Customizing the ordering of training samples

I am using BERT to classify text that (in many cases) greatly exceeds 512 tokens. What I am doing is splititng the text into segments of 512 tokens and using those as the training samples instead. However, the segments pertaining to the same sequence will of course be quite similar to one another and therefore some bias towards longer sequences is introduced. And assuming that the huggingface library randomly samples from the training set, segments from the longer sequences are more likely to be chosen.

What I want to do is override the ordering such that a segment from each sequence is used before sampling another segment from a sequence that has already been used. For shorter sequences, it is okay if the same segment needs to be sampled multiple times.

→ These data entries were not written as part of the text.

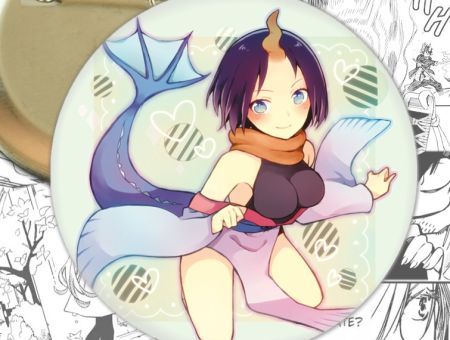 Значок Эльма Kobayashi-san Chi no Maid Dragon 002241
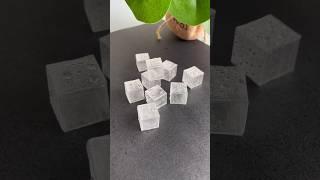 You Can Use Transparent Glue to Make Fun and Decompressing Ice Cubes. Try It!  #HandmadeDIY #diy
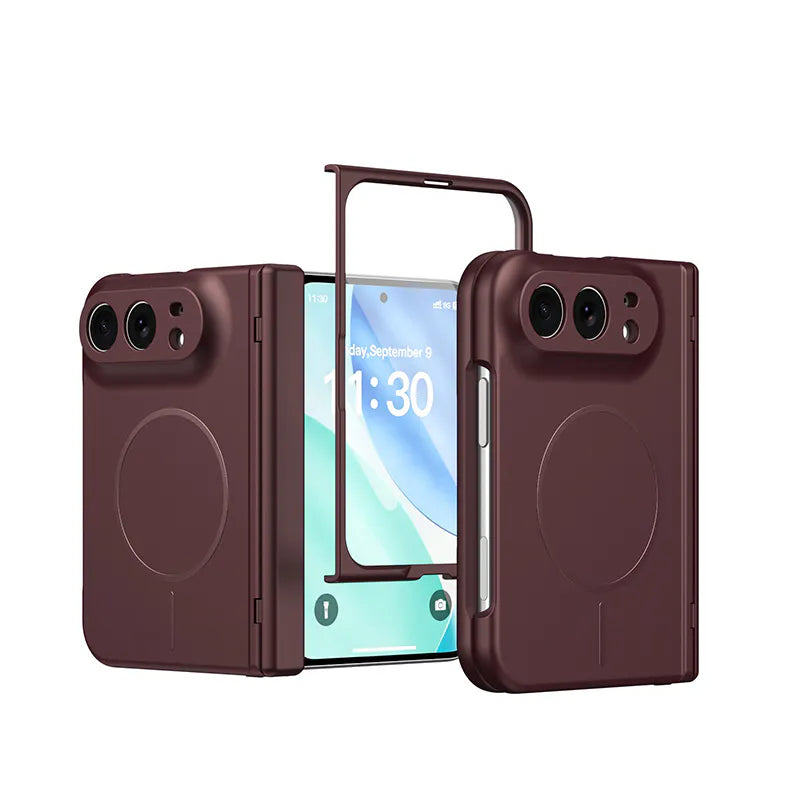 Case for iPhone Duo Mag Snap Pro Fold MagFit (Built-in Tempered Glass)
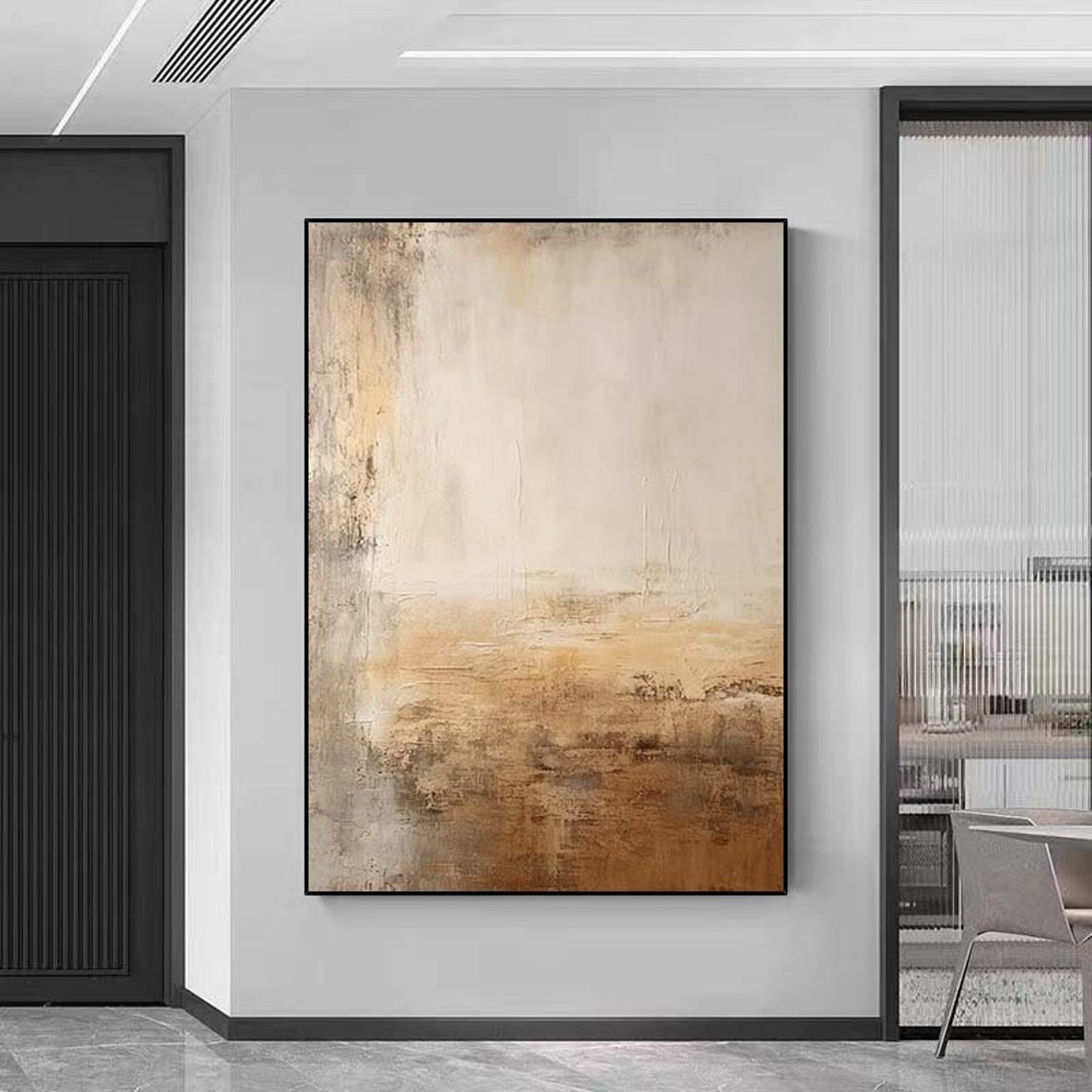 Warm Beige Wabi Sabi Minimalist Textured Neutral Calm Poster - Image 6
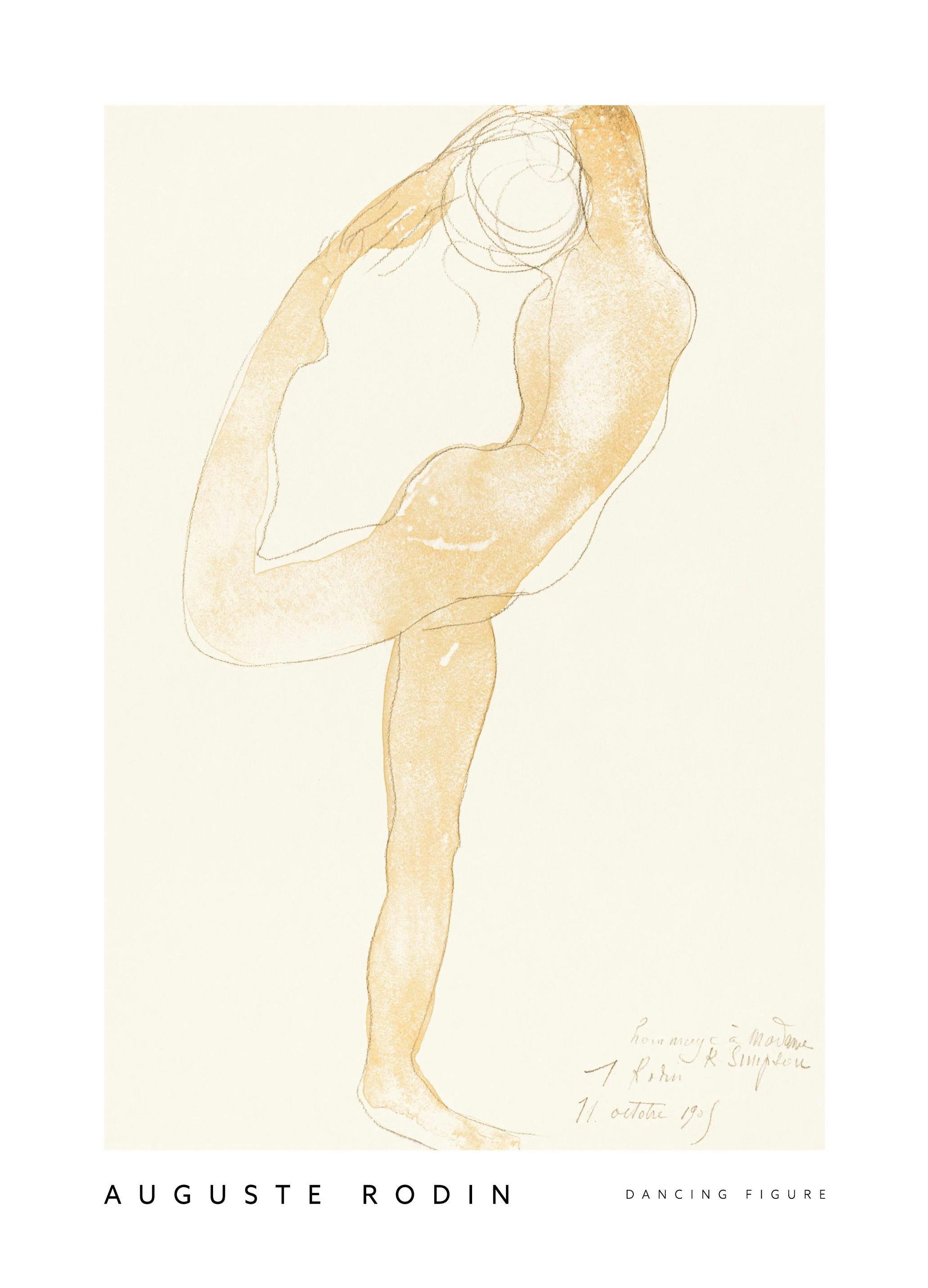 Auguste Rodin - Dancing Figure Poster (50x70 cm) - Poster Store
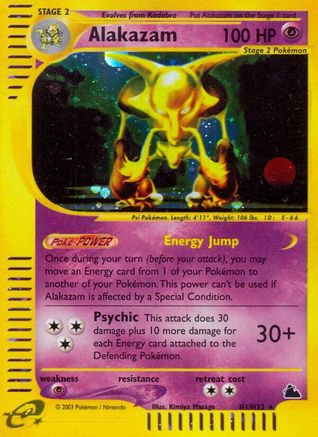 Skyridge  0H1 Alakazam (H1)  - Holofoil - Holo Rare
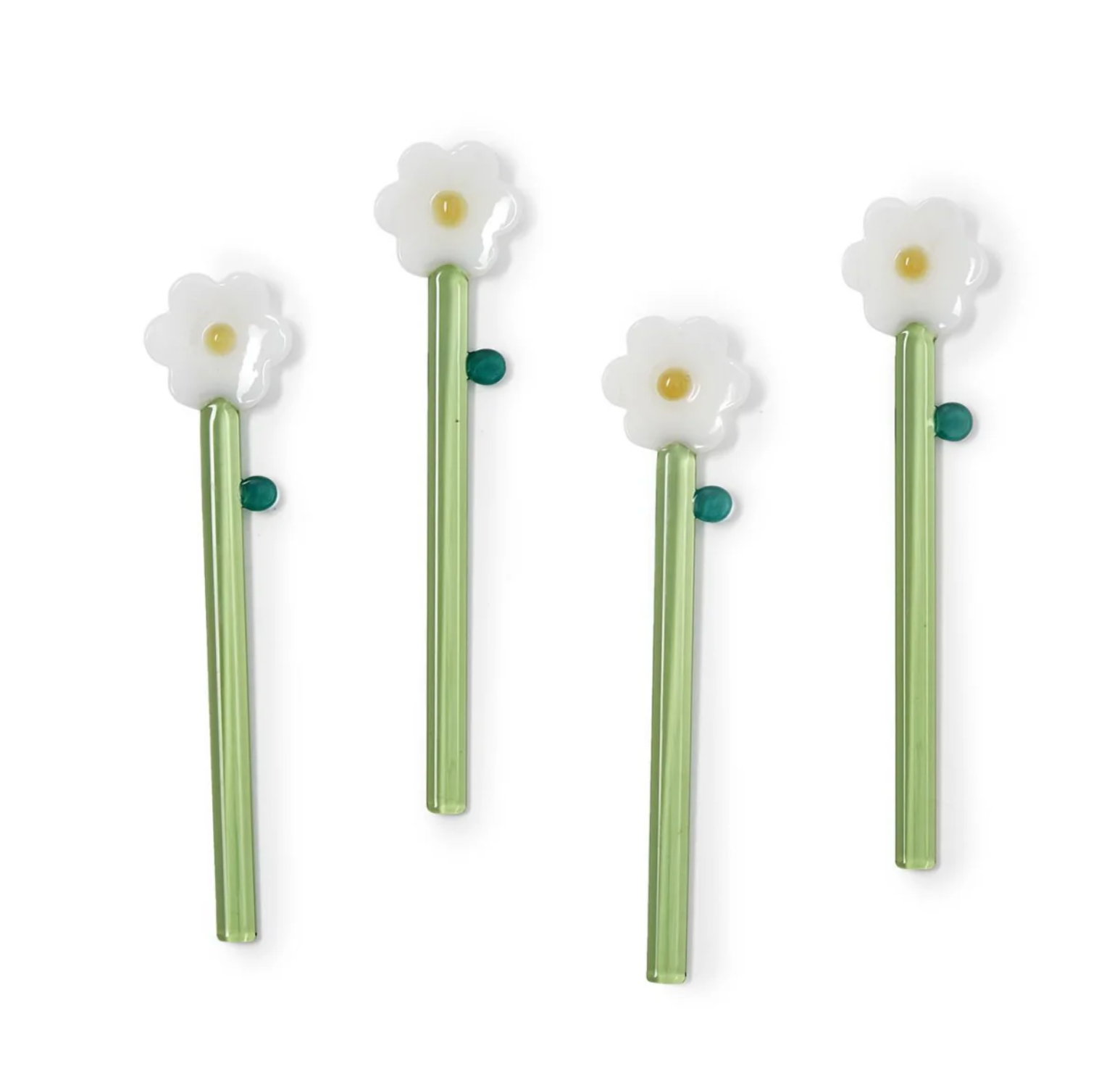 Daisy Flower Hand Crafted Stirrers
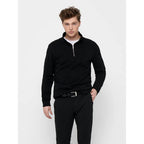 Sweat Zippé Only & Sons Onsceres Half Zip Black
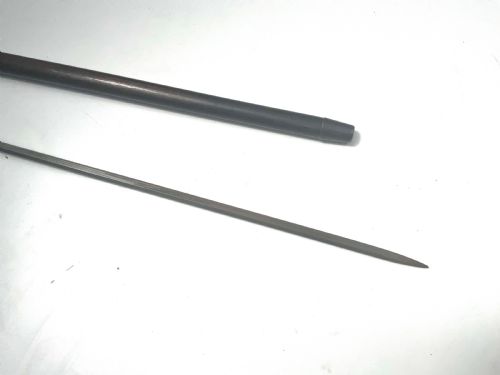 HORN HANDLED GENTLEMANS WALKING STICK SWORD STICK WITH SILVER COLLAR - ADDITIONAL PHOTO 14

For example if I have three sequences, each composed of three segments, say: [[‘a’, ‘b’, ‘c’], [‘d’, ‘e’, ‘f’], [‘g’, ‘h’, ‘i’]], then I would want a potential training order to be something like:
‘b’, ‘f’, ‘i’, ‘a’, ‘d’, ‘h’, ‘c’, ‘e’, ‘g’

How can I accomplish such a task?


What you can do is the same as what is explained in this tutorial: using a sliding window approach. This means that you create multiple training examples for a given text, by sliding a window (with some overlap) across the text. You can then label each training example with the label of the text. In this way, you have multiple training examples.

You just need to add an additional return_overflowing_tokens=True when calling the tokenizer.

Next, you can create a standard PyTorch dataloader, setting shuffle=True. This will automatically randomize all training examples, either coming from the same text or not.